La demande émane de quelqu’un que je ne connais pas du tout (j’ai dû accepter sa demande de mise en relation un jour de faiblesse…) et concerne un de mes anciens collègues – informaticien – pas vu depuis plusieurs années, mais que j’apprécie néanmoins beaucoup.

Que suis-je censée faire ? Le contacter via le réseau social pro en question (Linkedin ou Viadeo, dans ce contexte, c’est pareil) et lui dire « salut, dis donc, ça fait longtemps que nous ne nous sommes pas parlé, j’espère que tu vas bien ! Je te contacte parce que je souhaite te mettre en relation avec quelqu’un que je ne connais pas, mais il serait très content que tu le recommandes auprès de ton ancienne boîte, j’espère que tu es resté en bons termes avec eux, hein ! En fait cette personne vend des jus de fruits et voudrait que tu en parles à ton ancienne DRH, tu peux faire ça STP ?« .

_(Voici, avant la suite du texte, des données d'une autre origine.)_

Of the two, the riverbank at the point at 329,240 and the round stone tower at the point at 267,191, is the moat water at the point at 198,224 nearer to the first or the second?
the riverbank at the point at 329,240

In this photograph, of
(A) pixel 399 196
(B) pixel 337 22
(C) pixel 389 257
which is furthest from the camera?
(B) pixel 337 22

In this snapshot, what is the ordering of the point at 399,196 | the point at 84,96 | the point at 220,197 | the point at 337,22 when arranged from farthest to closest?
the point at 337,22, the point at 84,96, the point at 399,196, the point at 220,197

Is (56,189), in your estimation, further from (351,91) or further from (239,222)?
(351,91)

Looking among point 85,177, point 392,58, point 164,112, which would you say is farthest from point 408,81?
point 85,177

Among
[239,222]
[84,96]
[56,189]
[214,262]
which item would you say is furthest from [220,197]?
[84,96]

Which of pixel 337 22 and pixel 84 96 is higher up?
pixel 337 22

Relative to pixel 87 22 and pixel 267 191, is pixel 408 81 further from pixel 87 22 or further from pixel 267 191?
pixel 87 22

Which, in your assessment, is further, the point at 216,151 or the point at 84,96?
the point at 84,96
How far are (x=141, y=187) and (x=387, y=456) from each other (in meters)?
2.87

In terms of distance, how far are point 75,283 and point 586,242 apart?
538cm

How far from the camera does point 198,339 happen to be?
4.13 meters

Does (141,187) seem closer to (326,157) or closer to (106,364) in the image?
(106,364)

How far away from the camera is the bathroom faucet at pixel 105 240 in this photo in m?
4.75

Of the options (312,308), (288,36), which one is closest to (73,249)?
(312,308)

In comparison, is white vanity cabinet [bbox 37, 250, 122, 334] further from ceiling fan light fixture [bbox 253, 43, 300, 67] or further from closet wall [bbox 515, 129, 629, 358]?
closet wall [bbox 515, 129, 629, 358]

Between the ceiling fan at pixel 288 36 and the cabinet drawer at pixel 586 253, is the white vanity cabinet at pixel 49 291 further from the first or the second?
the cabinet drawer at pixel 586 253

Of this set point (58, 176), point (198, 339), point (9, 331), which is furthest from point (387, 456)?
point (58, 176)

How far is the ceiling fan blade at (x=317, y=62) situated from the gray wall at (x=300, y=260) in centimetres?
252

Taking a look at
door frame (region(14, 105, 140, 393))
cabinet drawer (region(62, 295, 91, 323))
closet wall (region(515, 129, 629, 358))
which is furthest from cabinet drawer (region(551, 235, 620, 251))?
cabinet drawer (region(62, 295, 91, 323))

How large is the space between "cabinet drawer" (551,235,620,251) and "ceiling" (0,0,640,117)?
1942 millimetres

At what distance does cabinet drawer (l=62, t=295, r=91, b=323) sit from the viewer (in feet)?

Bonne blague, n’est-ce pas ? Pourtant, j’ai déjà reçu ce genre de demande et si je n’y ai jamais répondu, je me demande encore qui peut bien le faire…
Nous savons tous que la recommandation est un atout précieux, mais encore faut-il que nous la demandions à des gens pour qui nous sommes recommandables ! C’est même plutôt difficile à demander…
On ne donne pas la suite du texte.